15. A criterion of Catholic theology is that it takes the faith of the Church as its source, context and norm. Theology holds the fides qua and the fides quae together. It expounds the teaching of the apostles, the good news about Jesus Christ ‘in accordance with the Scriptures’ (1Cor 15: 3, 4), as the rule and stimulus of the Church’s faith.

3. Theology, the understanding of faith

16. The act of faith, in response to the Word of God, opens the intelligence of the believer to new horizons. St Paul writes: ‘it is the God who said, “Let light shine out of darkness”, who has shone in our hearts to give the light of the knowledge of the glory of God in the face of Jesus Christ’ (2Cor 4:6). In this light, faith contemplates the whole world in a new way; it sees it more truly because, empowered by the Holy Spirit, it shares in God’s own perspective. That is why St Augustine invites everyone who seeks truth to ‘believe in order to understand [crede ut intelligas]’.[23] We have received ‘the Spirit that is from God’, St Paul says, ‘so that we may understand the gifts bestowed on us by God’ (1Cor 2:12). Moreover, by this gift we are drawn into an understanding even of God himself, because ‘the Spirit searches everything, even the depths of God’. By teaching that ‘we have the mind of Christ’ (1Cor 2:16), St Paul implies that by God’s grace we have a certain participation even in Christ’s own knowledge of his Father, and thereby in God’s own self-knowledge.

17. Placed in possession of ‘the boundless riches of Christ’ (Eph 3:8) by faith, believers seek to understand ever more fully that which they believe, pondering it in their hearts (cf. Lk 2:19). Led by the Spirit and utilising all the resources of their intelligence, they strive to assimilate the intelligible content of the Word of God, so that it may become light and nourishment for their faith. They ask of God that they may be ‘filled with the knowledge of God’s will in all spiritual wisdom and understanding’ (Col 1:9). This is the way of the understanding of faith (intellectus fidei). As St Augustine explains, it unfolds from the very dynamism of faith: ‘One who now understands by a true reason what he previously just believed is surely to be preferred to one who still desires to understand what he believes; but if one does not desire and if one thinks that only those things are to be believed which can be understood, then one ignores the very purpose of faith’.[24] This work of understanding faith contributes in turn to the nourishment of faith and enables the latter to grow.[25] Thus it is that ‘Faith and reason are like two wings on which the human spirit rises to the contemplation of truth’.[26] The way of the intellectus fidei is the path from believing, which is its source and permanent principle, to seeing in glory (the beatific vision; cf. 1Jn 3:2), of which the intellectus fidei is an anticipation.

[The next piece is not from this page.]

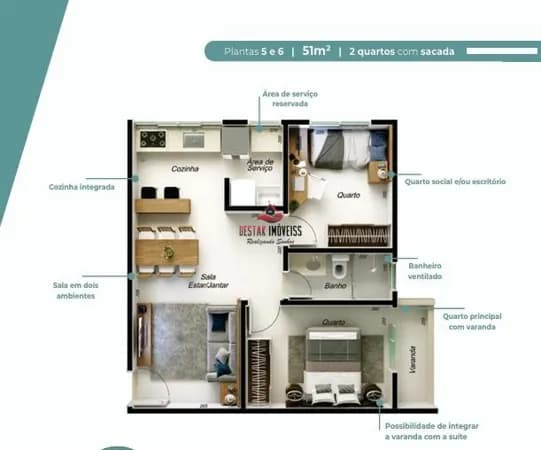 Apartamento com 2 quartos à venda bairro Pampulha - Uberlândia/MG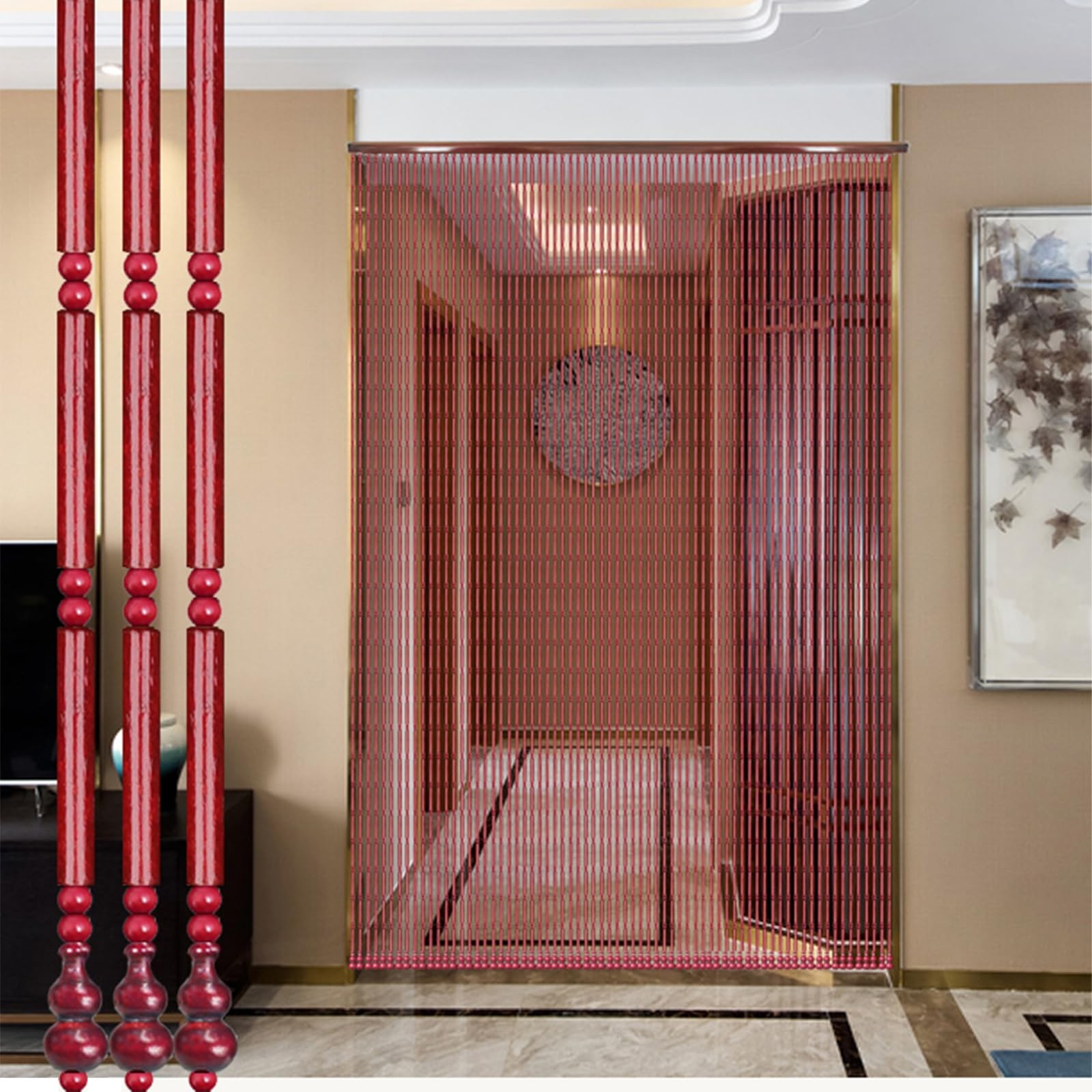 Rideau de porte en perles bois fait à la main, séparateur de pièce rustique et durable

18. The intellectus fidei takes various forms in the life of the Church and in the community of believers in accordance with the different gifts of the faithful (lectio divina, meditation, preaching, theology as a science, etc.). It becomes theology in the strict sense when the believer undertakes to present the content of the Christian mystery in a rational and scientific way. Theology is therefore scientia Dei in as much as it is a rational participation in the knowledge that God has of himself and of all things.

19. A criterion of Catholic theology is that, precisely as the science of faith, ‘faith seeking understanding [fides quaerens intellectum]’,[27] it has a rational dimension. Theology strives to understand what the Church believes, why it believes, and what can be known sub specie Dei. As scientia Dei, theology aims to understand in a rational and systematic manner the saving truth of God.

CHAPTER 2:
ABIDING IN THE COMMUNION OF THE CHURCH

20. The proper place for theology is within the Church, which is gathered together by the Word of God. The ecclesiality of theology is a constitutive aspect of the theological task, because theology is based on faith, and faith itself is both personal and ecclesial. The revelation of God is directed towards the convocation and renewal of the people of God, and it is through the Church that theologians receive the object of their enquiry. In Catholic theology, there has been considerable reflection on the ‘loci’ of theology, that is, the fundamental reference points for the theological task.[28] It is important to know not just the loci but also their relative weight and the relationship between them.

1. The study of Scripture as the soul of theology

21. The ‘study of the sacred page’ should be the ‘very soul of sacred theology’.[29] This is the Second Vatican Council’s core affirmation with regard to theology. Pope Benedict XVI reiterates: ‘where theology is not essentially the interpretation of the Church’s Scripture, such a theology no longer has a foundation’.[30] Theology in its entirety should conform to the Scriptures, and the Scriptures should sustain and accompany all theological work, because theology is concerned with ‘the truth of the gospel’ (Gal 2:5), and it can know that truth only if it investigates the normative witness to it in the canon of sacred Scripture,[31] and if, in doing so, it relates the human words of the Bible to the living Word of God. ‘Catholic exegetes must never forget that what they are interpreting is the word of God…. They arrive at the true goal of their work only when they have explained the meaning of the biblical text as God’s word for today.’[32]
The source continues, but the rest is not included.